To ensure your labors bear fruit, all you'll need is some good dirt, good seed and a ritual human sacrifice. Not only will your sacrifice curry favor with the Old Gods, but the nitrogen content in the blood will do wonders for the soil. After you've dispensed with the busy work, you just watch and wait.

Or you can go back inside and watch a movie, and I found one that is perfect for the occasion. It's so good Christopher Lee took the gig for free.

This week's Thursday Thriller is The Wicker Man.


I'm not talking about the 2006 remake with Nicolas Cage. I'm talking about the real one from 1973, the murder mystery directed by Robin Hardy.

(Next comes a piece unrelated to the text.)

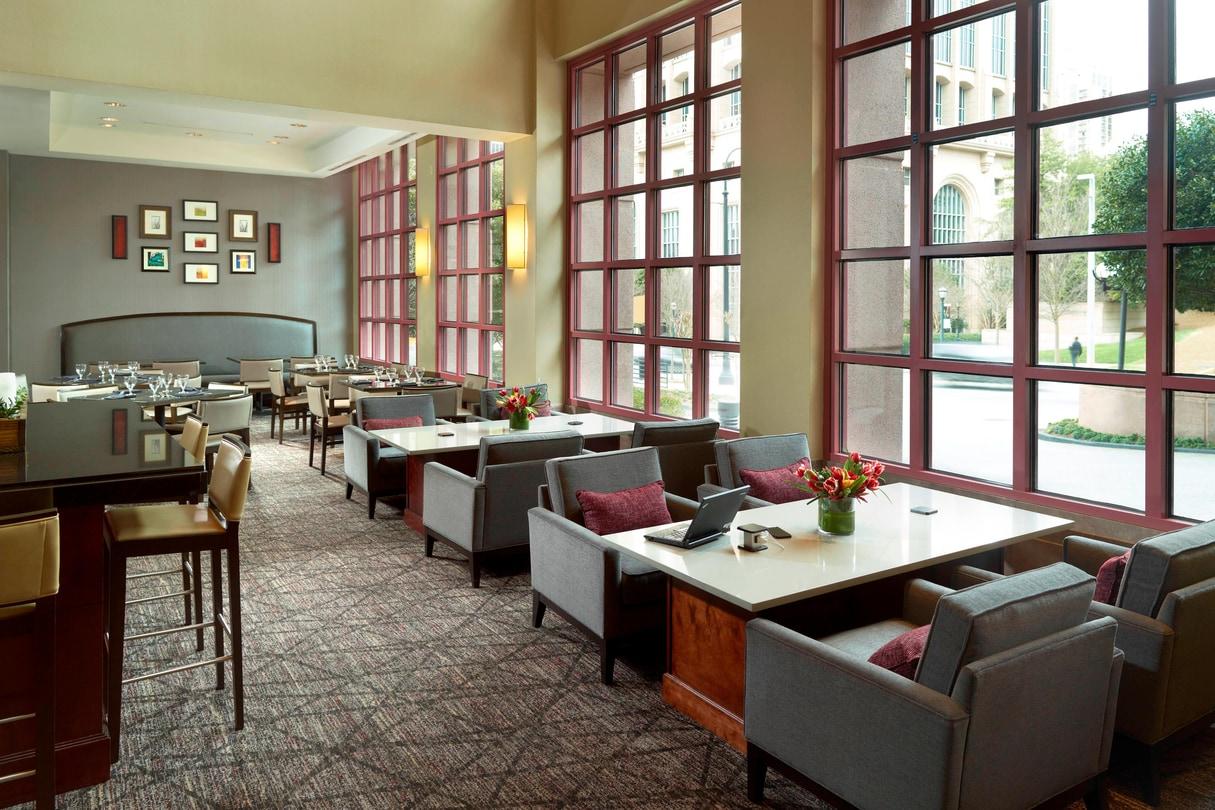 Atlanta Marriott Suites Midtown Экстерьер фото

Edward Woodward plays Sgt. Howie, a police officer and devout Catholic, who flies to the remote island of Summerisle to investigate the disappearance of a little girl named Rowan Morrison. He gets no help from the locals, not even the child's alleged mother, so he rents a room at the local inn for the night. There he meets the landlord's daughter Willow (Britt Ekland) about whom the bar's patrons sing boistrous, dirty songs and the landlord (Lindsay Kemp) is just fruity enough to be OK with it. After dinner Sgt. Howie takes a walk out to the cemetery where he sees multiple people having sex and a crying nude woman with her legs wrapped around a tombstone. He decides then to go up to his room to sleep, but a naked Willow in the next room keeps him awake by singing him a song of seduction, slapping out a beat on the walls and her own ass.



The next morning Howie visits the schoolhouse, and overhears the lesson about the ritual of the Maypole and its importance as a phallic symbol. If he's not upset enough to discover that he's in the midst of a bunch of penis-worshipers, he figures out they lied when they said Rowan was never in the class. He later finds the child's grave, and has to go see Lord Summerisle (Lee) the island's spiritual leader and justice of the peace for permission to exhume Rowan's body to find out what happened to her. Howie's conversation with Summerisle leads him to the conclusion that the whole island is full of religious nuts who are in on a conspiracy to cover up Rowan's murder.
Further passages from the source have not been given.